The attack on the Detroit symphony musicians is a focal point of a nationwide assault on art and culture, which corporate America says it can no longer afford. A September 17 article in the Wall Street Journal by Terry Teachout, its drama critic, is titled, “Disaster in Detroit.” Teachout asks, “Can a once-great city that is now the size of Austin, Texas, afford a top-ranked symphony orchestra with a 52-week season?” Noting the financial difficulties facing other cultural institutions such as the Detroit Institute of Arts and Michigan Opera Theatre, he declares that it wouldn’t be “complacent to admit Detroit may not be able to afford the DSO—or that the city’s ‘unwashed masses’ won’t lose any sleep if the orchestra is forced to close.”
Calling the resistance by symphony musicians to the massive concession demands “a classic symptom of the cultural-entitlement mentality,” Teachout continues, “Any economist can tell you what has happened: In Detroit, being a classical instrumentalist is no longer an upper-middle class job.”

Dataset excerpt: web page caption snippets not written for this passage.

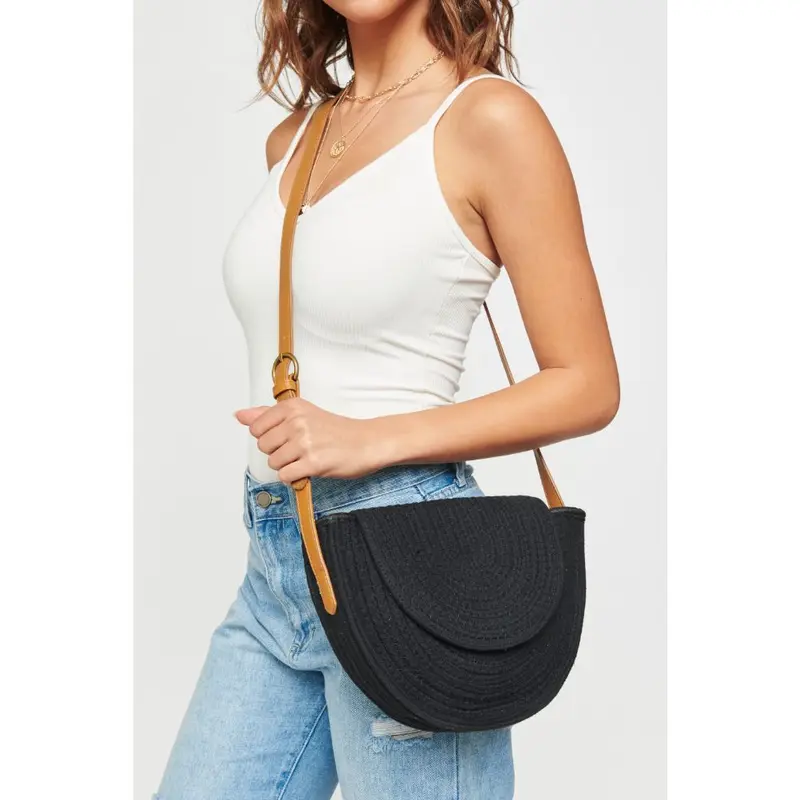 Leland Crossbody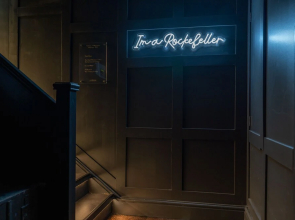 The Rockefeller Boutique Apartments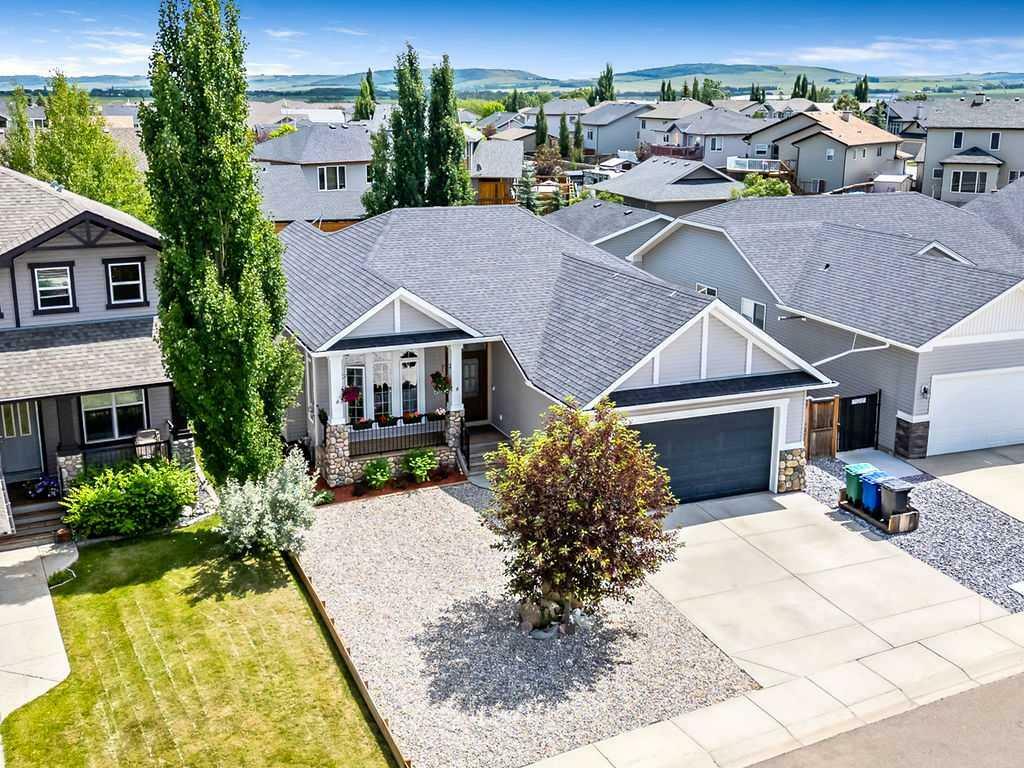 Property Photo: 344 Willow Ridge Manor AB T0L 0H0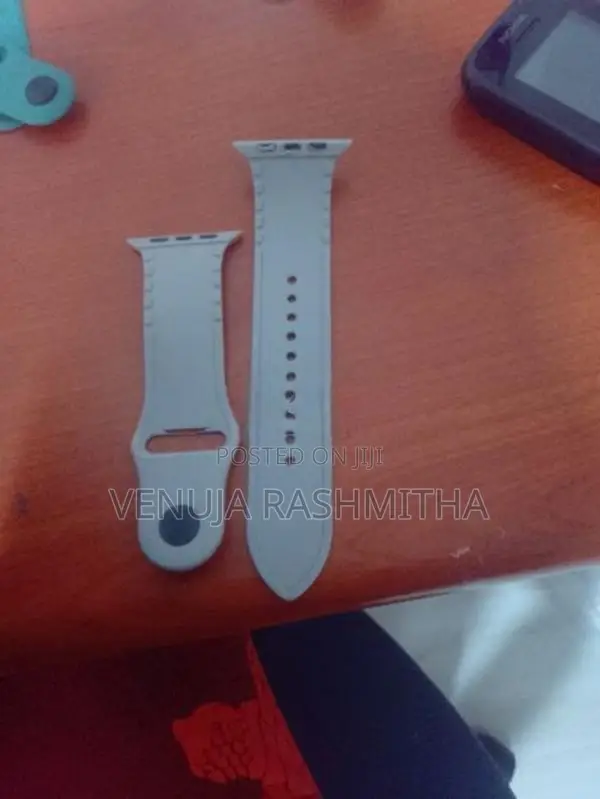 Watch Straps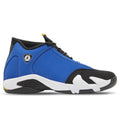Air Jordan 14 Retro Laney - Varsity Royal/Black/Varsity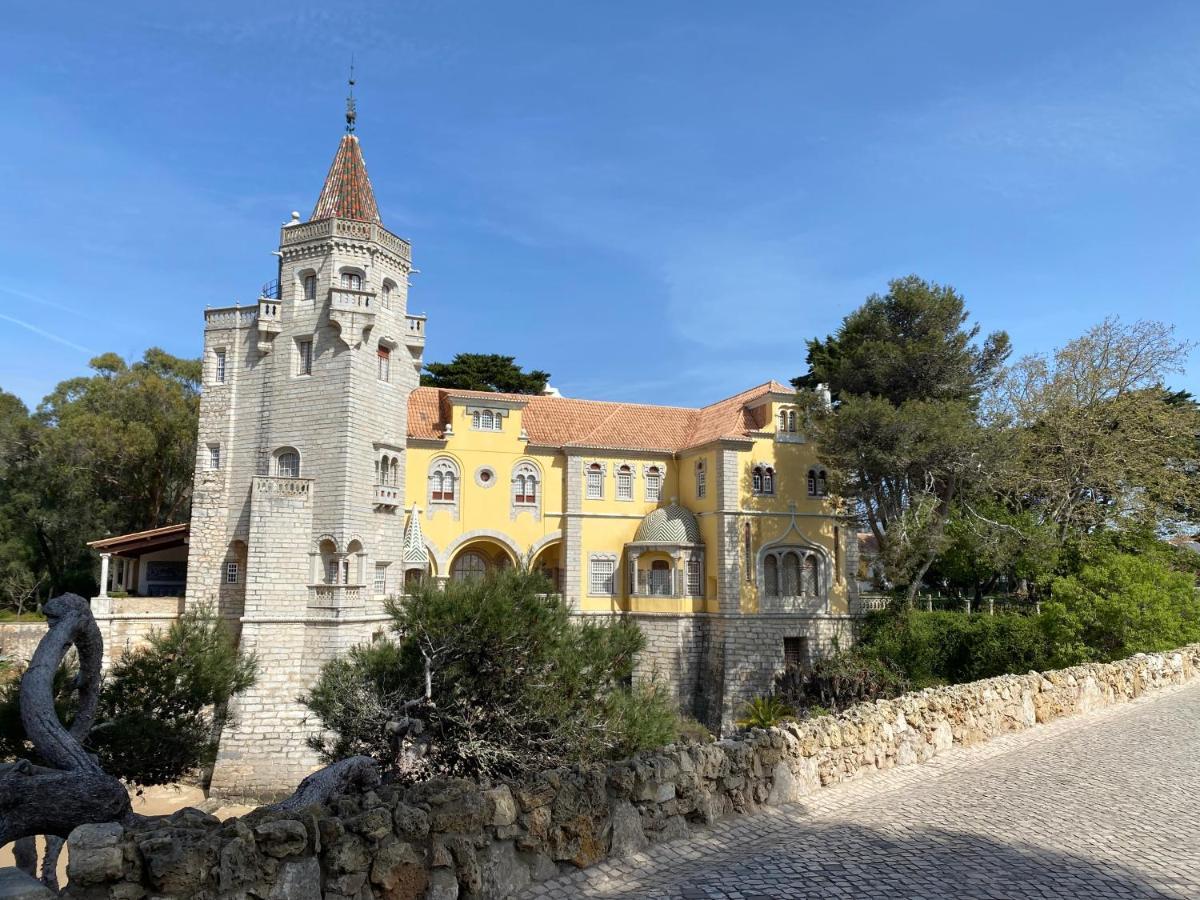 Apartment Gandarinha Junto Ao Mar *
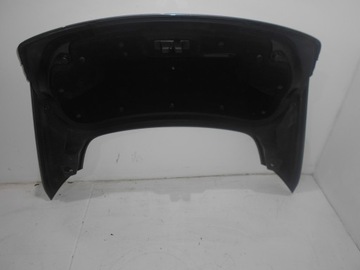 фото thumb №5, Laguna 3 iii купе крышка багажника tekng 2008r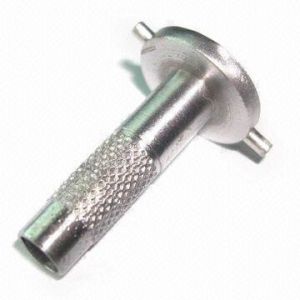 Buy cheap Customized Turned Parts Various Surface Finishes CNC Machining Services from wholesalers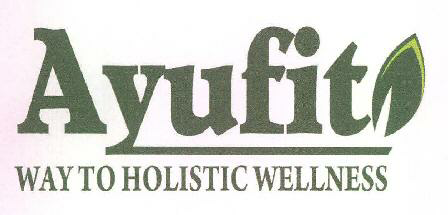 Ayufit Way To Holistic Wellness Device mark 3495758 Trademark
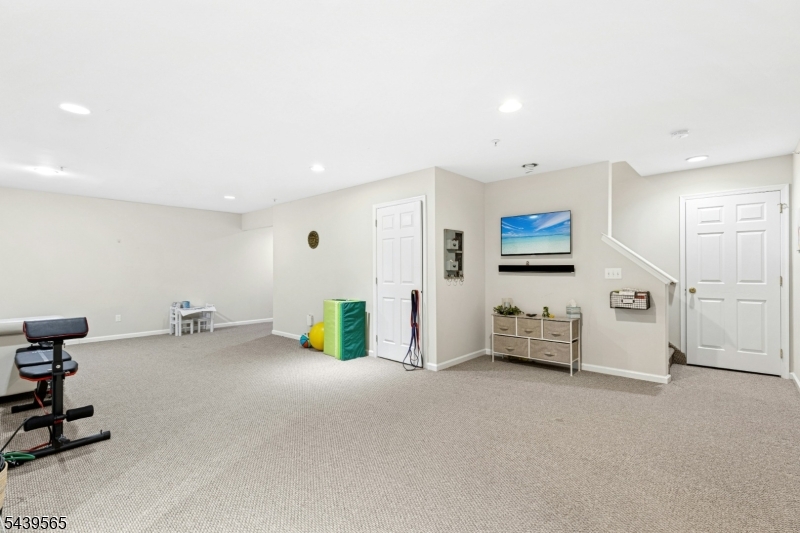 Mountainview at Green Brook - Residential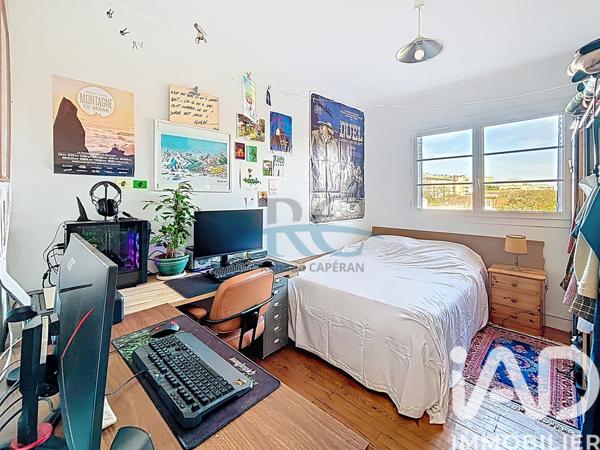 Appartement à vendre 3 pièces 60 m² Toulouse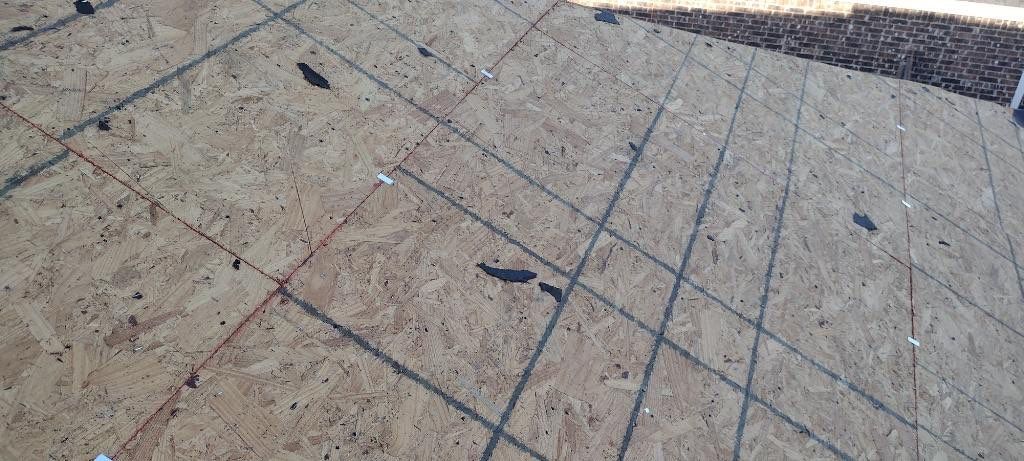 Project in Heartland by Rhino Roofing and General Contracting, LLC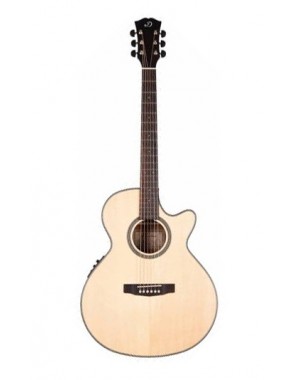 Гитара акустическая Dowina Rustica GACE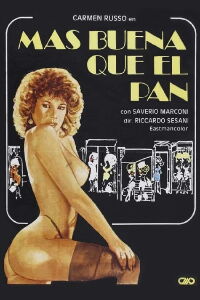 Más buena que el pan (1982)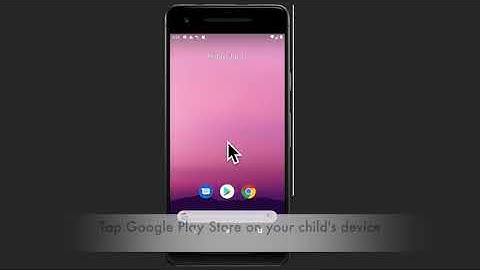 How to Set Up Google Family Link for Android | Google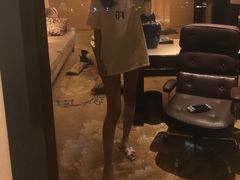 -长沙富力万达文华酒店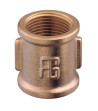 Guidi Muffe 1/2" bronze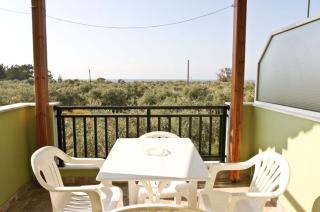 Xanthoula Studios - Skala Rachoniou - 9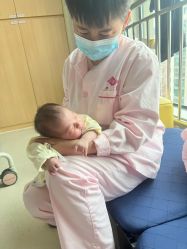 -鄞州妇女儿童医院·明州产后护理中心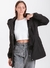 CAMPERA PARKA CON PIEL YD en internet
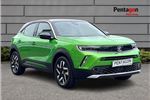 2022 Vauxhall Mokka e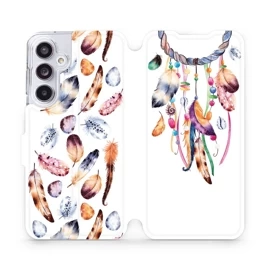 Phone Case Samsung Galaxy A55 5G - Design M003S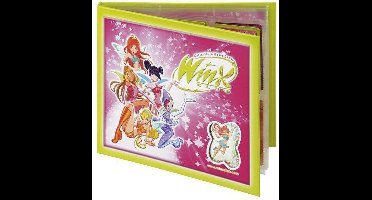 Winx cicle of power Album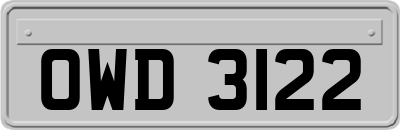 OWD3122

The Journal article aroused anger among DSO players, who see their stand as part of a broader defense of art and culture. Kenneth Thompkins, a trombonist for the Detroit Symphony and one of the players’ spokesmen, told the WSWS, “I think he fails to realize that the DSO is one of the great institutions in Detroit. We consider ourselves workers like anyone else. What we are asking for is not an entitlement, it is a right.”
The WSWS spoke to performers and supporters at the September 19 concert on their reaction to the threat facing the DSO.
Dolores Reaves came to show her support for the musicians. She told the WSWS, “I think that it is sad that the symphony is not being supported. Any time we lose something it is not good. We should be adding on, not eliminating the finer things.”
A violinist called the vilification of the musicians by the Wall Street Journal “deplorable.”
Laurie Goldman, another violinist, called the remarks of the Journal columnist “venomous.” “It could happen,” she said, adding, “The destruction of the orchestra would be tragic for the city. The DSO is one of the things that makes Detroit great.”
She explained the enormous work and sacrifice required to be selected by the DSO. “I have been a member of the DSO for 19 years. It took me two years of auditioning. Before coming to the DSO I played in the Toledo symphony.
“I went to the University of Michigan and studied biology because I wanted something practical, but it ended up that music was what I loved. It took a lot of sacrifice on the part of myself and my family. I know people who gave up a lot more to become a musician.”
Grant Cooper, the conductor of the West Virginia Symphony, explained why he donated his time to conduct the concert at Kirk in the Hills. “I really think music is important. It is important to correct the image that it is just another aspect of culture. It is much more than that. As we search for a way to understand other cultures we get a view into other people through music. I think it is essential if humanity is to go forward.”